MATERIAL FOR THIS TASK
_ _ _ _
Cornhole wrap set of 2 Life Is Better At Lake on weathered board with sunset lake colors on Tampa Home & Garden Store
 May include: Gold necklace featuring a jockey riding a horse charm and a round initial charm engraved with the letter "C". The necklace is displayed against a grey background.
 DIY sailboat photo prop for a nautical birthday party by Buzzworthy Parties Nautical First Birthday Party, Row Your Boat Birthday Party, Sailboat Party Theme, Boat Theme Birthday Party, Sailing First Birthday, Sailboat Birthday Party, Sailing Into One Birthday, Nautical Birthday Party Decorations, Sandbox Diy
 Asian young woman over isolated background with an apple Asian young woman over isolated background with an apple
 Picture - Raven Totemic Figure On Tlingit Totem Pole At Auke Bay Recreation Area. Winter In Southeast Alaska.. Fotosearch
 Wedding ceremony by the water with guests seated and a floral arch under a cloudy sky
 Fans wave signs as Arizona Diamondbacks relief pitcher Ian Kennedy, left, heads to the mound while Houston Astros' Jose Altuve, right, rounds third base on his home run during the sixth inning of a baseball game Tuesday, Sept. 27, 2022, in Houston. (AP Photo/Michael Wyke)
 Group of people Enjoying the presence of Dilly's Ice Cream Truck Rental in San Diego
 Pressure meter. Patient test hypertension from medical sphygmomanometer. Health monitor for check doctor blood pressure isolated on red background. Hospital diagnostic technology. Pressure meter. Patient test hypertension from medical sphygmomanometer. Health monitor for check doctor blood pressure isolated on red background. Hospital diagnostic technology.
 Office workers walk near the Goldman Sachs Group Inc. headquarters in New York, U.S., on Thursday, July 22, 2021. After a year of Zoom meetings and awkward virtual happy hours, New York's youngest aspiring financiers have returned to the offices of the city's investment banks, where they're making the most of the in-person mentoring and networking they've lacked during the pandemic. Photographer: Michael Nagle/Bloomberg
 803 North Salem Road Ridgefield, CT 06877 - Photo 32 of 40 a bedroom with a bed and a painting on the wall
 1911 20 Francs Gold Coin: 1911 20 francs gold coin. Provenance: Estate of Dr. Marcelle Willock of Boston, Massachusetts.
_ _ _ _
The requested output is the line holding "Asian young woman over isolated background with an apple Asian" and every line after it up to the last line of the listing, exactly, with nothing else.

 Asian young woman over isolated background with an apple Asian young woman over isolated background with an apple
 Picture - Raven Totemic Figure On Tlingit Totem Pole At Auke Bay Recreation Area. Winter In Southeast Alaska.. Fotosearch
 Wedding ceremony by the water with guests seated and a floral arch under a cloudy sky
 Fans wave signs as Arizona Diamondbacks relief pitcher Ian Kennedy, left, heads to the mound while Houston Astros' Jose Altuve, right, rounds third base on his home run during the sixth inning of a baseball game Tuesday, Sept. 27, 2022, in Houston. (AP Photo/Michael Wyke)
 Group of people Enjoying the presence of Dilly's Ice Cream Truck Rental in San Diego
 Pressure meter. Patient test hypertension from medical sphygmomanometer. Health monitor for check doctor blood pressure isolated on red background. Hospital diagnostic technology. Pressure meter. Patient test hypertension from medical sphygmomanometer. Health monitor for check doctor blood pressure isolated on red background. Hospital diagnostic technology.
 Office workers walk near the Goldman Sachs Group Inc. headquarters in New York, U.S., on Thursday, July 22, 2021. After a year of Zoom meetings and awkward virtual happy hours, New York's youngest aspiring financiers have returned to the offices of the city's investment banks, where they're making the most of the in-person mentoring and networking they've lacked during the pandemic. Photographer: Michael Nagle/Bloomberg
 803 North Salem Road Ridgefield, CT 06877 - Photo 32 of 40 a bedroom with a bed and a painting on the wall
 1911 20 Francs Gold Coin: 1911 20 francs gold coin. Provenance: Estate of Dr. Marcelle Willock of Boston, Massachusetts.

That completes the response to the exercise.